As luminárias delicadas e poéticas da designer Sabine Marcelis

Em suas criações, a luz atravessa superfícies sólidas e materiais inertes ganham um brilho quase sobrenatural. Confira a entrevista exclusiva com a designer

Olhar sensível, veia poética, paixão pela ciência: esse é o arsenal de Sabine Marcelis, designer holandesa criada na Nova Zelândia. Desde que voltou à Europa, Sabine se atirou na proposta estética de materializar a beleza das paisagens que povoaram sua infância. Mas se enganou quem esperava dela uma rendição à pureza original do artesanato neo-zelandês.

 (Divulgação/Studio Sabine Marcelis)

Para aprisionar o brilho da natureza guardado na memória, ela recorreu à tecnologia. Em suas criações, a luz atravessa superfícies sólidas e materiais inertes ganham um brilho quase sobrenatural. “Busco certa magia para fazer da realidade uma experiência inesperada.” Confira a nossa entrevista com a designer:

CC: Você utiliza elementos muito sutis, como luz e vidro. Por que escolheu trabalhar com a leveza?
SM: Meu trabalho sempre decorre do fascínio por algo. Ultimamente, esse encanto tem sido manipular a luz. Os materiais que permitem essa interferência, por sua transparência e qualidades reflexivas, são os mais interessantes. Por isso, escolhi resina e vidro.

Luminárias de piso Voie (25 x 8 x 32 cm e 25 x 8 x 42 cm), com lâmpada tubular de vidro e neon sobre suporte de resina de poliéster polida. Por 1,3 mil dólares, cada uma, na Matter.

Luminárias de piso Voie (25 x 8 x 32 cm e 25 x 8 x 42 cm), com lâmpada tubular de vidro e neon sobre suporte de resina de poliéster polida. Por 1,3 mil dólares, cada uma, na Matter. (Divulgação/Studio Sabine Marcelis)

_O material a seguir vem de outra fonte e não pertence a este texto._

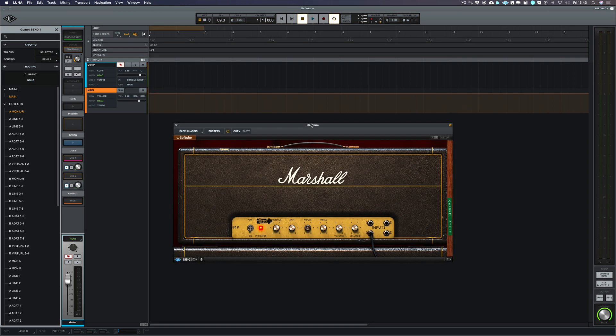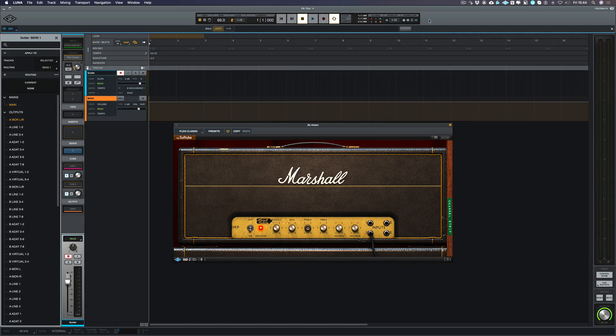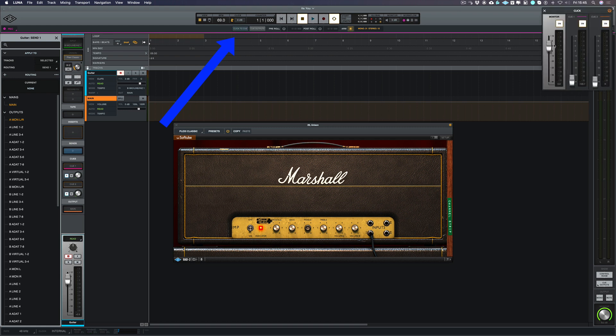We've already set up our guitar track ready to record and we've got the tempo correct. The next thing we need to do is to set up our click. If I come up here and click on the little metronome icon, we're turning on the metronome. Now if I want to monitor that metronome to my headphone outputs, I go to my workflow box and click on the record workflow and choose the click to cue. We can then choose how loud the click is in the monitor, cue one and cue two.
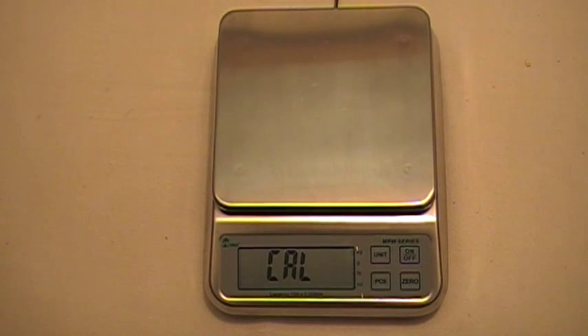We're going to be using two kilograms, so we're going to enter that by pressing the unit key. You can see these flashing digits here. To move this digit up or down — to one, two, or three — press the zero button. And to move the digit from left to right, press the unit key. We're at two kilograms, so we're going to press the pieces key to confirm that.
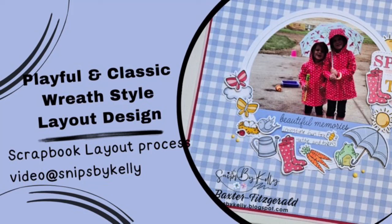Hello there! Welcome back to my channel, Snips by Kelly. I'm Kelly and tonight I have a cute single page for you here that is a classic wreath design.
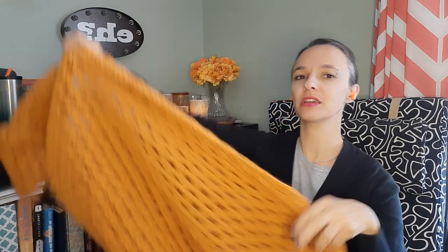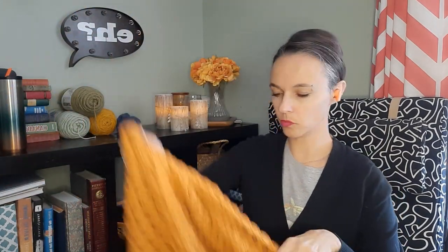This yarn is the Craft Smart yarn from Michael's and it is called Curry. I think this took five skeins — more than I thought it was going to, but it's very big. It's just acrylic aran weight yarn — heavy, good for wintertime, cozy. And I love it and I love the color. I have enough yarn leftover that I'll be able to add fringe if I decide to go that route. Please let me know: fringe or no fringe?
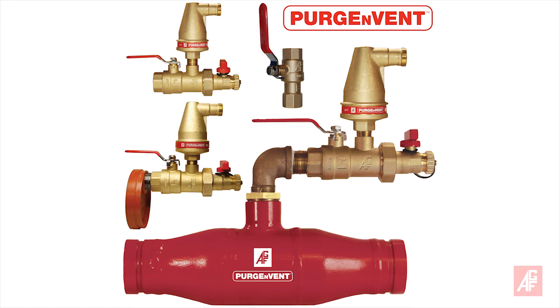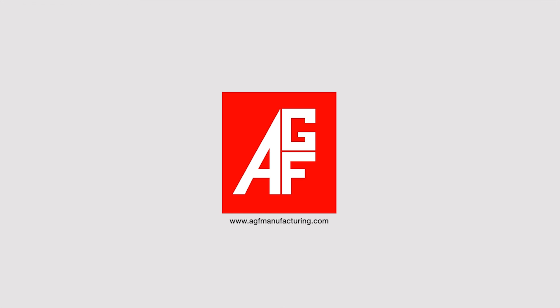The AGF Purgen Vent 7910 valve is UL-listed, easy to install, extremely compact, and is an economical, efficient way to meet code and reduce corrosion by removing air from your fire sprinkler piping system. AGF: Reliability. Versatility. Code compatibility.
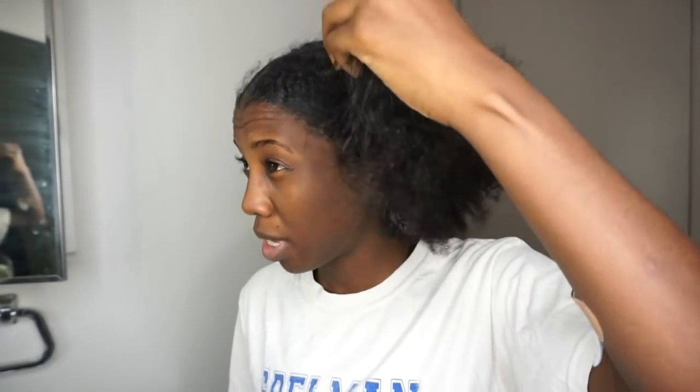I am definitely overdue for a wash, and I need a deep cleanse wash, which is something that I do when I come out of a style I've been in for a while. So the first thing I started with is this bentonite and apple cider vinegar clay mask, because this will super clarify my hair and help get all this product buildup out.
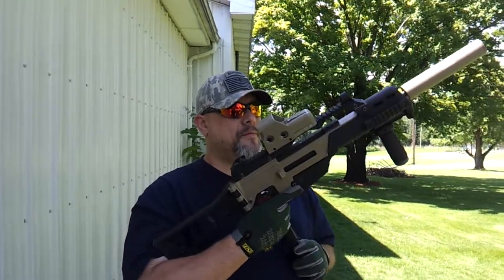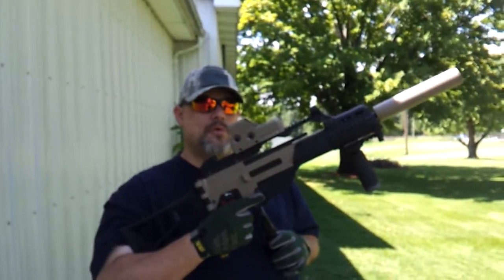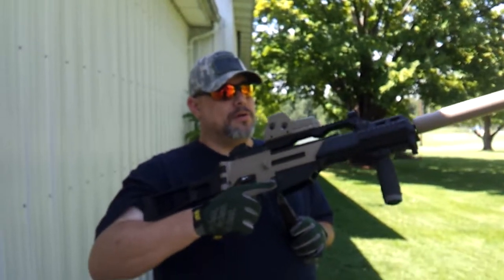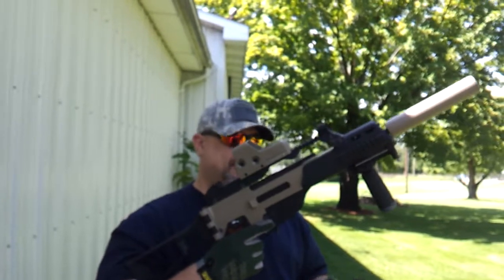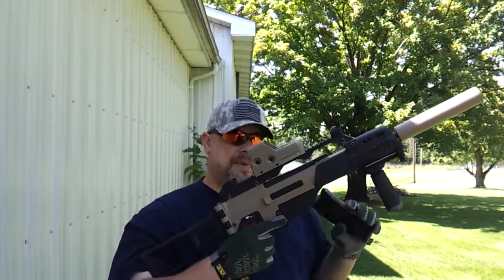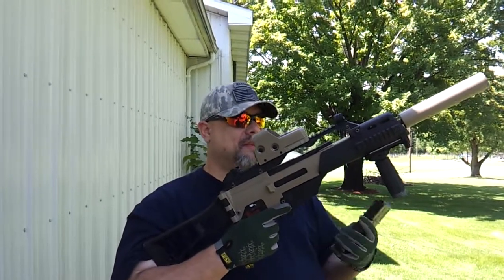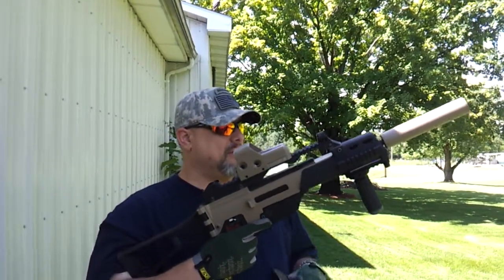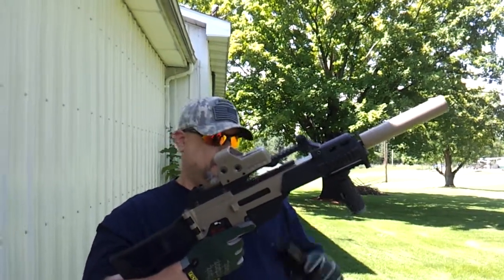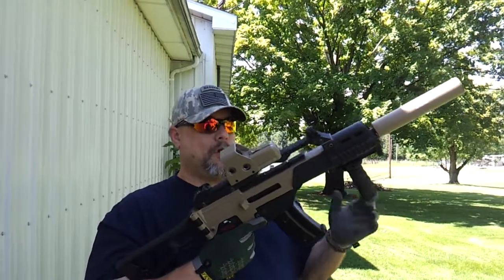Hello everybody, Jedi270 here from AirsoftRx and TX911gear.com. You're looking at the WE-G39C refit. Like I do with just about every single one of my guns, I make it a little bit more mean. This one I got from my son Pyro and I immediately started doing some work to it.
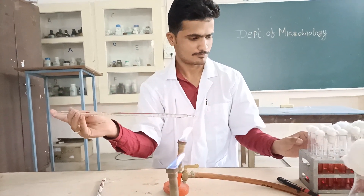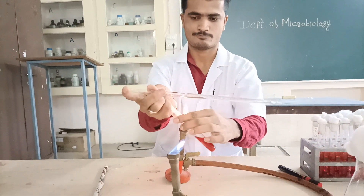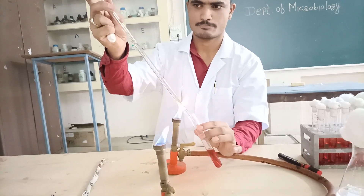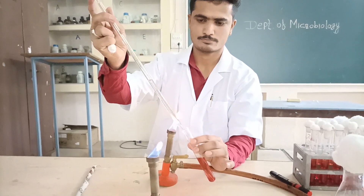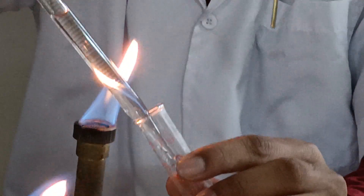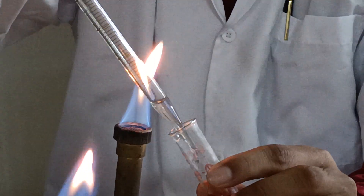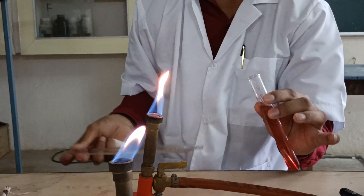10 ml of the water sample is used and inoculated into test tubes containing double strength McConkey's broth with Durham's tubes inserted. We have five tubes of double strength McConkey's broth, each inserted with a Durham's tube, and into each test tube we have to inoculate 10 ml of the given water sample.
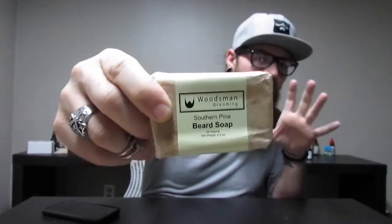Man, this is an awesome bar. Very simple packaging, classy but still nice and simple. I love the wrapping. It has coconut oil, palm oil, safflower oil, and glycerin, which is kosher glycerin of vegetable origin.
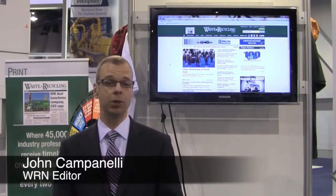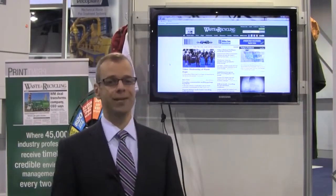Hello, this is Waste and Recycling News Editor John Campanelli and we're live at Waste Expo. Actually there's only about 15 minutes left in the show. People are packing up their booths and we've seen a lot of stuff here and I've got a lot of footage. But today, kind of one of the highlights of the week, I got to see one of these new Roto Press trucks. I have one upstairs in the exhibit hall and I've got a little tour. Take a look.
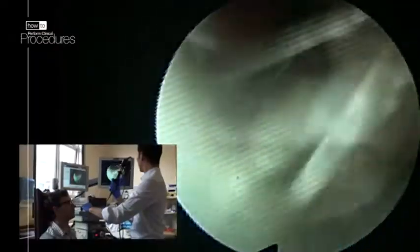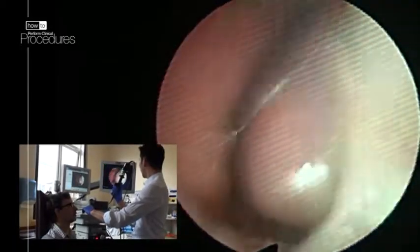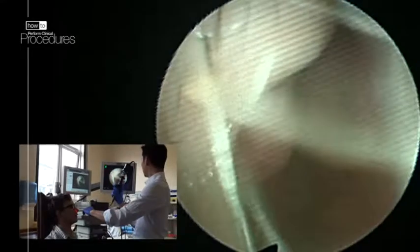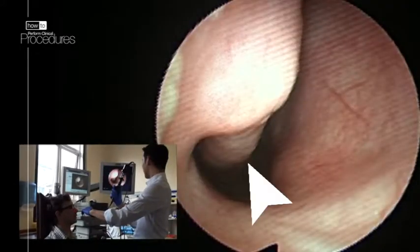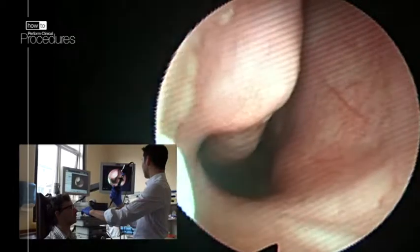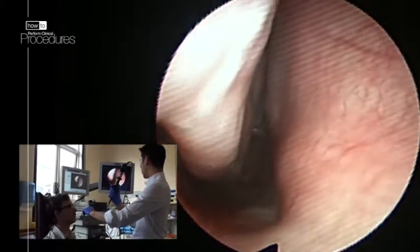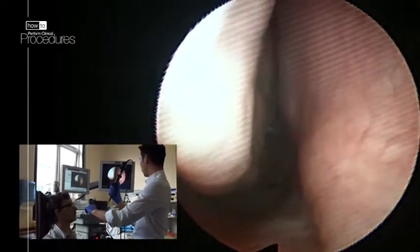Gently have a look in each nostril in turn, asking the patient to breathe slowly in and out through their nose. Entering the right nostril, the inferior turbinate can be seen on the left and the septum on the right. Advance the scope along the floor of the nasal cavity, gently changing the direction of the tip to avoid touching the septum or inferior turbinate.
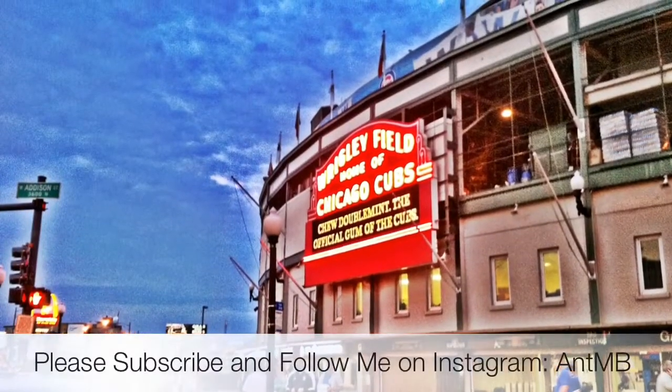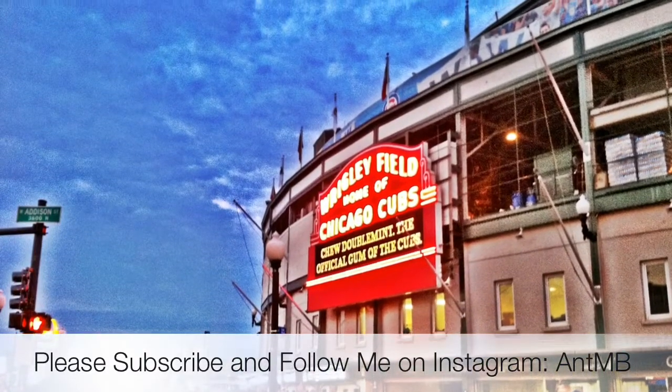Here's a bird's eye view of the sneakers. Definitely rate, comment, subscribe, and follow me on Instagram, AntMB. Thanks for watching and take care.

CC: Qual é a relação entre a tecnologia e a natureza em seu trabalho?
SM: Sou influenciada tanto por fenômenos naturais quanto pelas tecnologias atuais. Novas invenções, relacionadas aos processos de produção, me emocionam e permitem levar meus projetos sempre além. Porém a natureza é uma influência grande e permanente. Cresci em meio às montanhas e ao oceano, na Nova Zelândia. A forma como a luz do céu, o mar e os picos nevados se comunicavam para criar momentos belos e fugazes sempre será uma inspiração para mim. São esses instantes que tento capturar quando crio. Quando você usa luz e cor, os objetos nunca serão estáticos. Eles estarão sempre mudando, à medida que você se move em torno deles.

Pendentes circulares (1 x 1 m) de vidro, resina e Hi-Macs (composto mineral), da série filter, desenvolvida para a Baars & Bloemhoff. Preço: 7,5 mil euros.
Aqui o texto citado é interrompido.